Price for the A3 Next starts at around €110,000. But the list of optional extras – from automatic steam sterilisation to single quarter cell counts – is a long one, and marketing manager van Lenteren admits the price can climb to €125,000. “We like to talk about selling the robots in pairs nowadays for herds of 120-130 milkers and then we can say that delivered and fitted price for a pair (in The Netherlands) runs from €215,00 to €250,000.”
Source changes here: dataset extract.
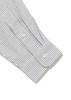 Picture No.7 of DESCENDANT KENNEDY’S STRIPE LS SHIRT 261TQDS-SHM02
And long lists of optional extras are not the only point the Astronaut has in common with motor cars: Lely has announced a trade-in system for its early Astronauts starting in western Europe this year and administered by subsidiary Lely Taurus. Older models are taken in by Taurus, thoroughly renovated, and sold-on with a one year guarantee. “We reckon on a 15-year working lifetime for our robots but some customers are wanting to change over to newest models after seven or eight years,” says van Lenteren. “In fact, the farmer who bought our thousandth milking robot in 2000 is just now negotiating a trade-in for our latest model.”
Fifty R&D staff support Astronaut advances
The innovative Lely group now claims “a good 50%” of the world robot milker market with 7000 robots in operation in 29 countries at end of 2008.
Lely developed its first robot in 1992, although a further three years went by before first sales at the RAI farming exhibition in Amsterdam. Between 1995 and 1997 around 100 robots changed hands with the 1000th robot sold during the German EuroTier exhibition 2000 in Hanover. At a recently opened factory in Rotterdam, a staff of 100 currently assemble 40 to 50 Astronauts per week with production changing over to the A3 Next this summer. Emphasising the accent on innovation, the shopfloor team in Rotterdam is backed up by 50 R&D staff.